WORK TO COMPLETE: Retype the listing below line for line, but only from the line with "Jimena Black Ceramic" down to the line with "Lulus red dress", inclusive. Pictures stay out.

INPUT MATERIAL:
__________
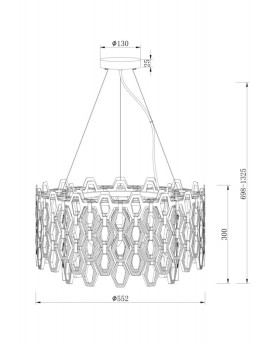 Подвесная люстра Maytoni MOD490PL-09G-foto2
__________
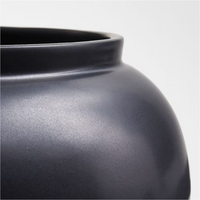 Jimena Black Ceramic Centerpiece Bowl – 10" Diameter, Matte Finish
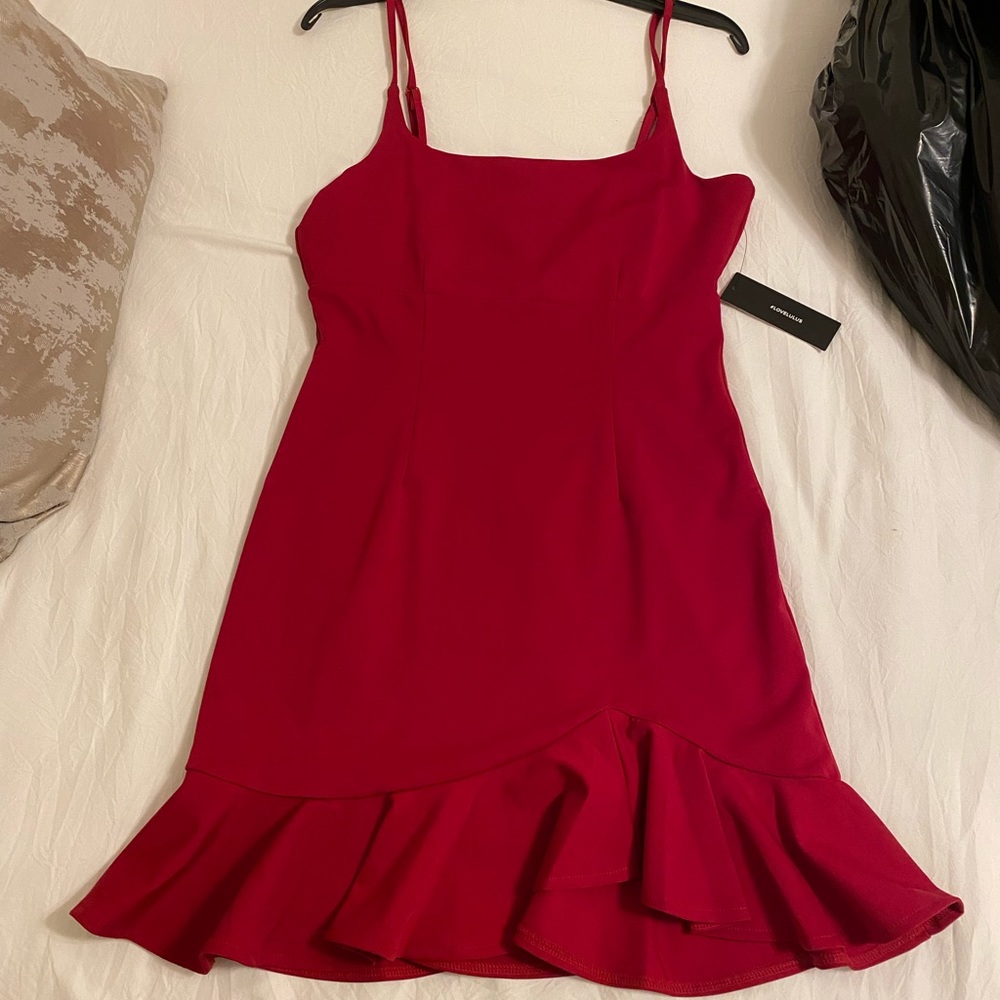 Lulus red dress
__________
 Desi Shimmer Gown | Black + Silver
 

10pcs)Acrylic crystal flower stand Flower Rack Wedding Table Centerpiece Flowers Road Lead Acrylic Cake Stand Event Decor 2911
__________
ANSWER AREA:
 Jimena Black Ceramic Centerpiece Bowl – 10" Diameter, Matte Finish
 Lulus red dress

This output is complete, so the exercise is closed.